## Exercise instructions
Please write out every entry below exactly, leaving out any pictures.

(Source records)
= = = = = = =
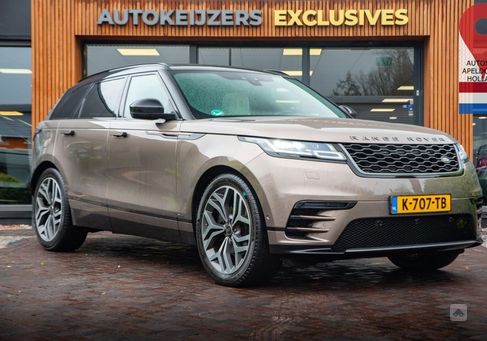 Land Rover Range Rover Velar, 2017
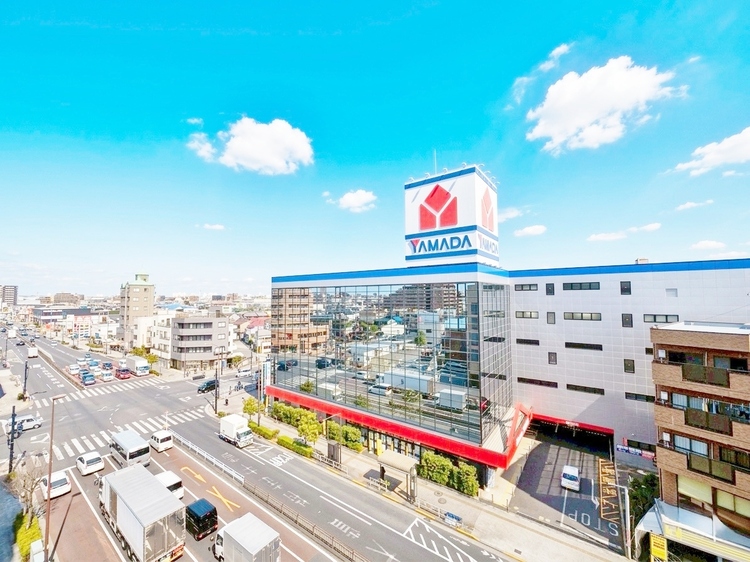 バルコニー 頬をなでる、優しい風を感じることが出来ます。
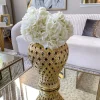Inspire Me! Home Decor Iridescent Pink Face Vase Discount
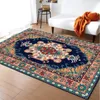 Carpets de style ethnique rug rétro Modèle européen grand salon de tapis de sol carré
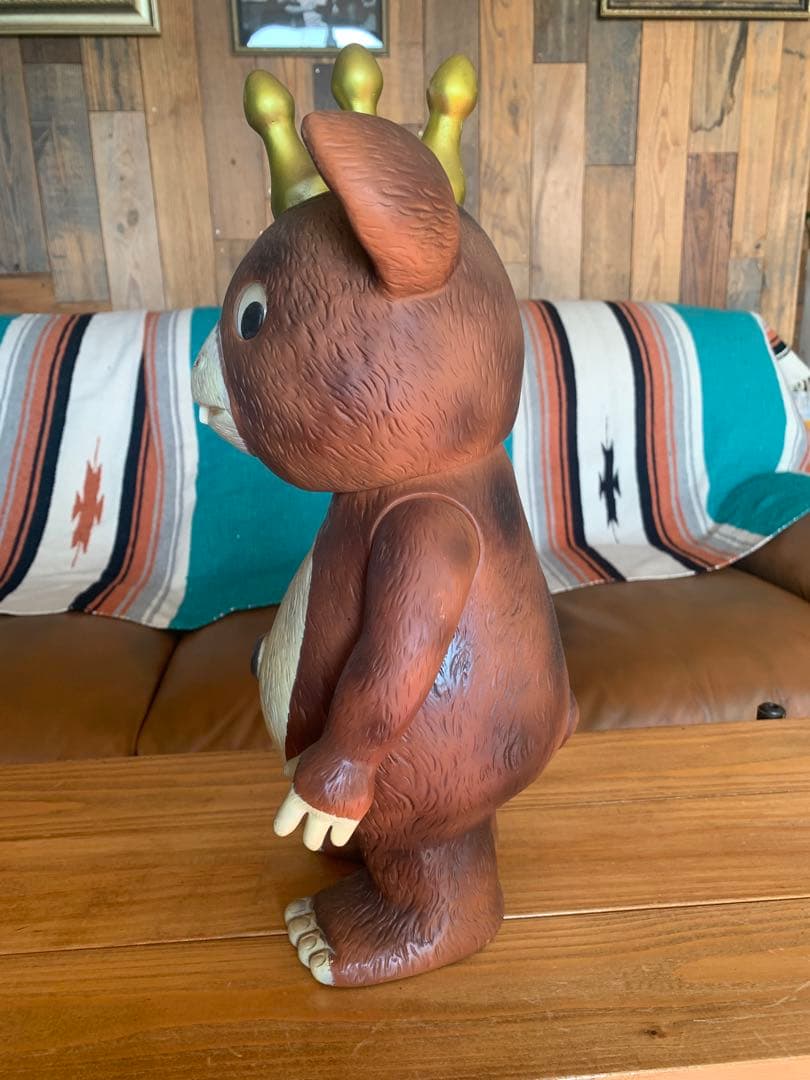 イヌクマ　ソフビ　ジャイアントブースカ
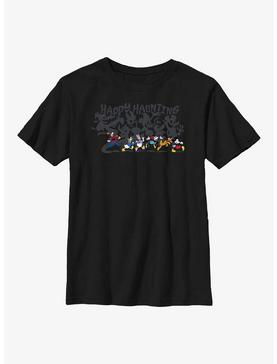 Disney Mickey Mouse & Friends Happy Haunting Shadows Youth T-Shirt, , hi-res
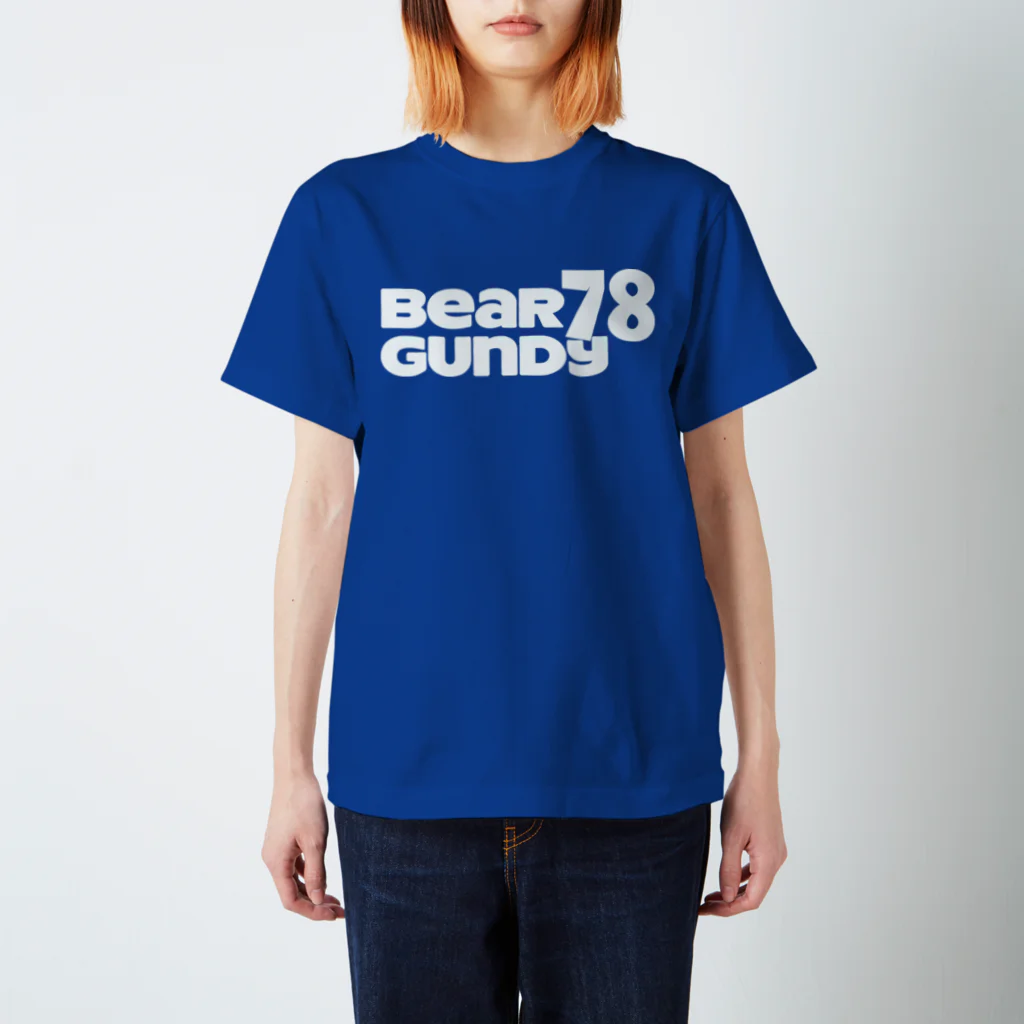 BEARGUNDYのゆー スタンダードTシャツ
= = = = = = =
## Solution
 Land Rover Range Rover Velar, 2017
 バルコニー 頬をなでる、優しい風を感じることが出来ます。
Inspire Me! Home Decor Iridescent Pink Face Vase Discount
 Carpets de style ethnique rug rétro Modèle européen grand salon de tapis de sol carré
 イヌクマ　ソフビ　ジャイアントブースカ
 Disney Mickey Mouse & Friends Happy Haunting Shadows Youth T-Shirt, , hi-res
 BEARGUNDYのゆー スタンダードTシャツ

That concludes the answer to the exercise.